Q: What factors do you consider in choosing whether to provide low-fidelity or high-fidelity design deliverables?—from a UXmatters reader

“The reader’s question speaks to just one of the dimensions of choosing what design artifacts to create—fidelity—but crafting such artifacts involves a varied set of dimensions, each having different possible ranges,” replies Leo. “Here are a few dimensions of this decision to consider:

  • resource constraints—How much time and energy and what level of competency does the team have to invest in creating the artifact?
  • stage in the product-development lifecycle (PDLC)—What is the purpose for which the team is crafting the prototype? For example, you might want to create a prototype to explore
    • the leadership team’s beliefs about the market
    • the product-management team’s beliefs about the problem
    • the design team’s understanding about a specific user flow
    • the possible solutions to a given problem
  • project outcomes—What outcomes should the design artifact drive?
    • collecting data in service of the goals of the various stages in the PDLC
    • proving a technical concept for the engineering team
    • thinking to enable the UX team to better understand their own designs
  • context and tools—What is the context of the project? What tools are at the team's disposal?
    • Is a team or just one person responsible for building the artifact?
    • Is the team remote or collocated with the intended audience?
    • Is the project an asynchronous or synchronous engagement?
    • Is the team using digital or analog tools?

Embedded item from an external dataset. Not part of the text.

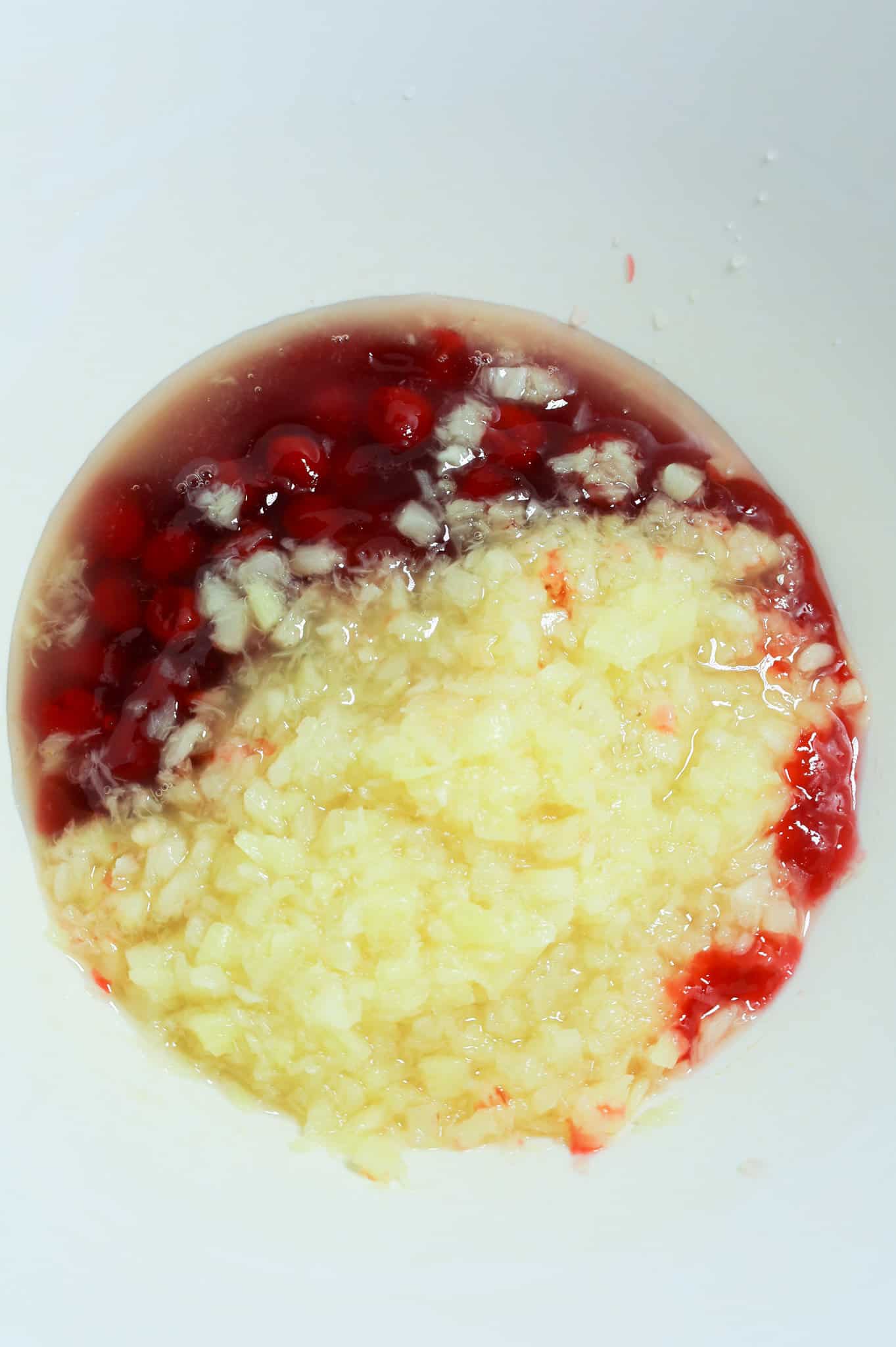 cherry pie filling and crushed pineapple in a mixing bowl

“Crafting a design artifact is a mini-design problem in itself. Considering fidelity addresses just one of dozens of challenges.”

“Taking all of these factors into account, but looking through only a fidelity lens, I’ll offer some of my own rules of thumb,” continues Leo.

  • In the early stages of the PDLC, I rely on using found objects to drive conversations in which artifacts play a role. These could be artifacts that members of the audience bring to our attention—for example, a specific Web site, a specific page in a manual, or a particularly important sticky note on a user’s monitor. Found-object artifacts could be of any fidelity.
  • When we’re in the early stages of the PDLC and the team is trying to validate their understanding of the market, the problem space, or the strategy, I can rely on any artifact that represents the team’s assumptions regarding the audience—to enable us to understand where we got it wrong. Depending on these variables, the artifact could be a diagram or model of our understanding, a sketch of a future state, a brief science-fiction story, a context scenario, or maybe a skit or concept video. The key here is to identify profitable, pervasive problems, not solutions.
  • When the team is certain they have identified the right problem—by definition, that happens much later in the PDLC—I might create storyboards that represent the proposed solution before putting any pixels into place.
  • Eventually, when I’m crafting design candidates, I choose a few to offer to internal and external stakeholders. In this case, I craft as high a fidelity artifact as necessary to answer key questions such as the following: Is this technically feasible? Does this actually address the problem we agreed we need to solve? Does this meet brand and organizational messaging requirements? Do we understand it well enough to build it? Would you be proud to demo this solution?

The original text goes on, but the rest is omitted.